Besides Miss Tuttle, the other teacher who seemed to feel I could write was Mr. Moore, my senior English teacher. He never said he thought I could write, but he did nominate me for that national essay contest for high school seniors. So maybe I can infer something from that.
He was a thin little man who wore sweaters and a bow tie, and like Miss Tuttle, who had gone to Columbia, Mr. Moore was east coast educated having been graduated from Princeton. He was a Captain in the Army in WWII and came back changed. This may explain his having ended up at a teacher at a nowhere high school in California. Or it could have been his drinking problem that started after the war.
Still, he rode me about my writing and graded me harder than anyone because he knew I was going to college. I remember getting a B+ on a long research paper. I had worked hard on that baby. It was supposed to be on some historical figure; so my colleagues, lacking any imagination, wrote about Washington or Florence Nightingale or Madame Curry. I wrote about Titus Oates, 17th century perjurer and sodomite, a man who according to a poll of British Historians was the “worst Briton of the 17th century.”
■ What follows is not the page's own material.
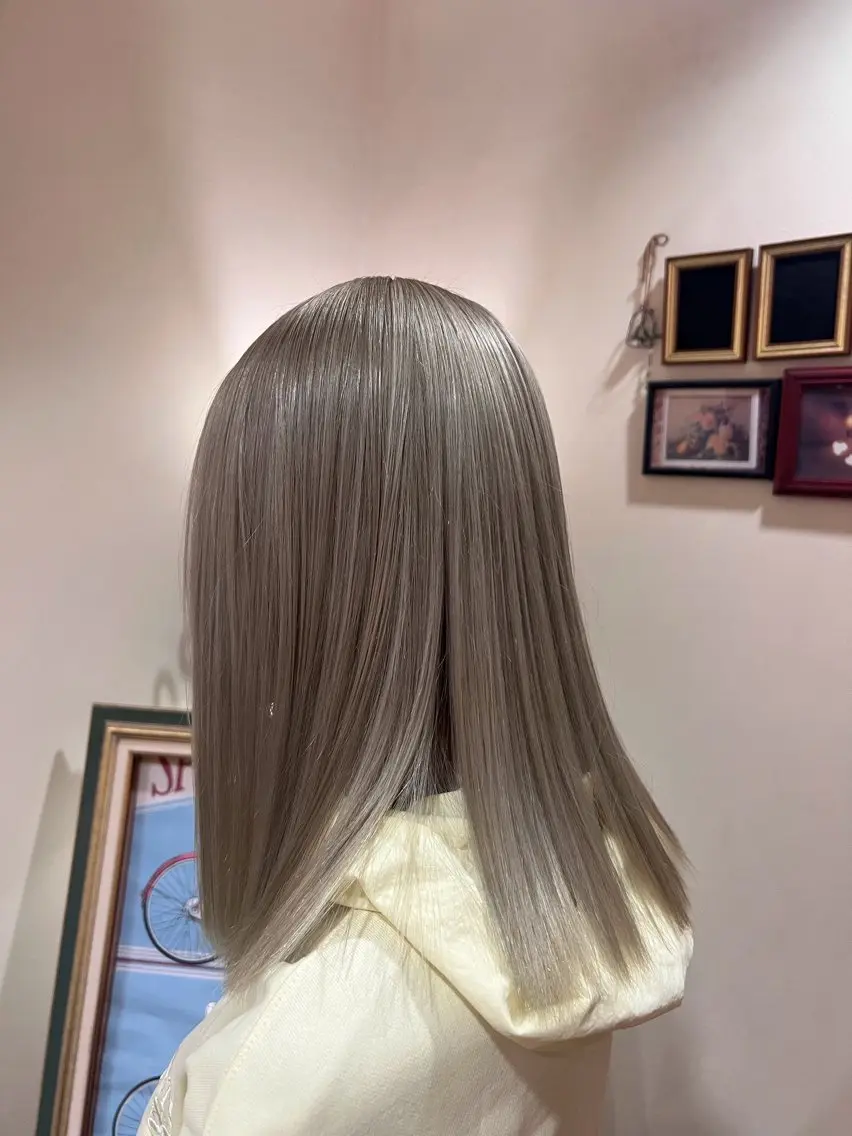 セミロング カット ヘアカラー 韓国スタイル🫧 サーシャのヘアスタイル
Maybe Mr. Moore thought I was being a wise ass by picking Titus Oates, but the name alone was enough to fascinate me, and I had come upon my interest legitimately. I had been perusing one of the volumes of our 11th edition of the Encyclopedia Britannica and came across the final lines of an entry that read, something like, whereupon he lived out the rest of his years in the country where his house became known for unholy and unnatural acts. I wanted to know more about this person and so first familiarized myself with Titus Oates and the gun power plot I believe it was called.
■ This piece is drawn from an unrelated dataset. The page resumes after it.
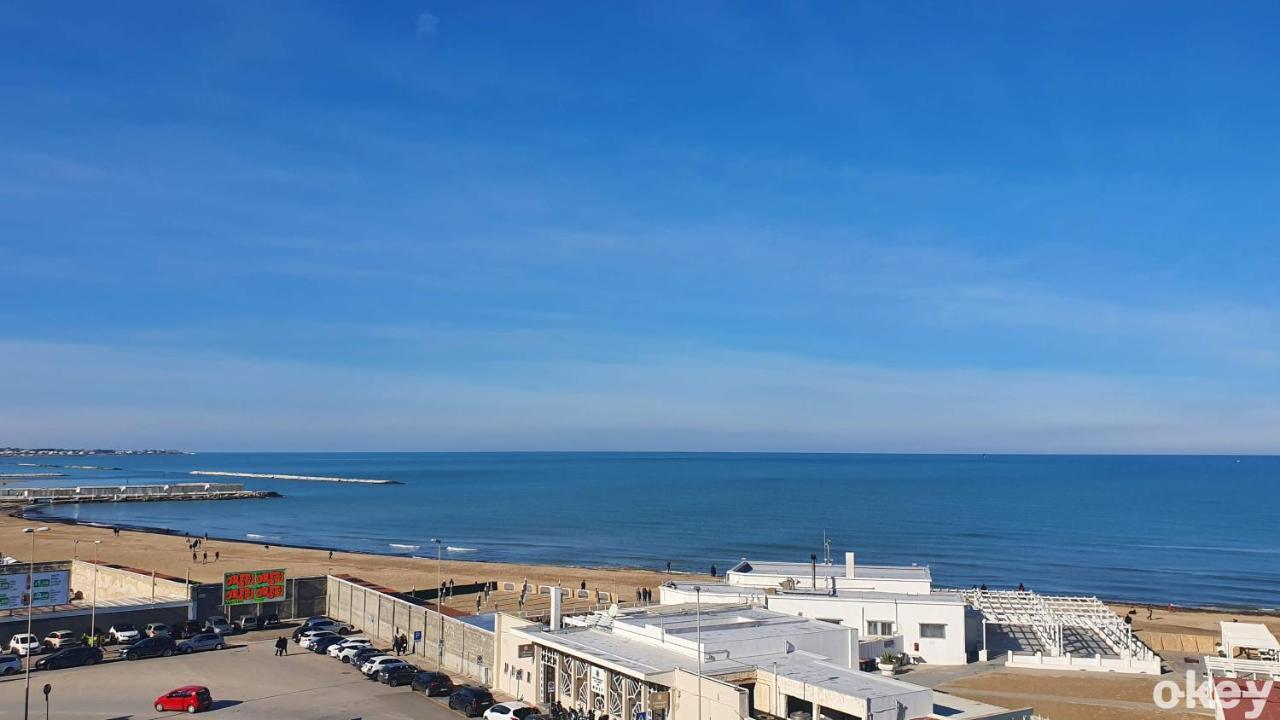 Seven Seas Luxury Apartments - Bari San Girolamo Εξωτερικό φωτογραφία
Titus started his career of crime by being dismissed from the Anglican clergy for blasphemous drunkenness and suspicion of sodomy. He established himself as a world class lier by concocting a whole series of lies suggesting that Catholics had intentions upon the throne and was first rewarded for his efforts with a 600 pound pension. Later, when power shifted, he was tried, found guilty and sentenced to repeated floggings that should have killed him. But they didn’t; whereupon part of his pension was restored, following a legal action, and he retired to the country to continue his unnatural doings.
So maybe I was being a bit of a wise ass.
Mr. Moore’s class also furnished me one of the few high school moments that I remember with any warmth. One Monday morning he turned to us and said, “And just who the heck are these Beatles.” This was in many ways an unprecedented moment. I don’t recollect a teacher ever having asked his students a real question, who asked it moreover in a spirit of curiosity and out of a desire to learn something about the lives of his students. We sat more or less dumbfounded. I could see he was going to let the question drop, but since it was my job in that class to answer all questions nobody else would or could, I raised my hand and said, “The best rock and roll band ever.”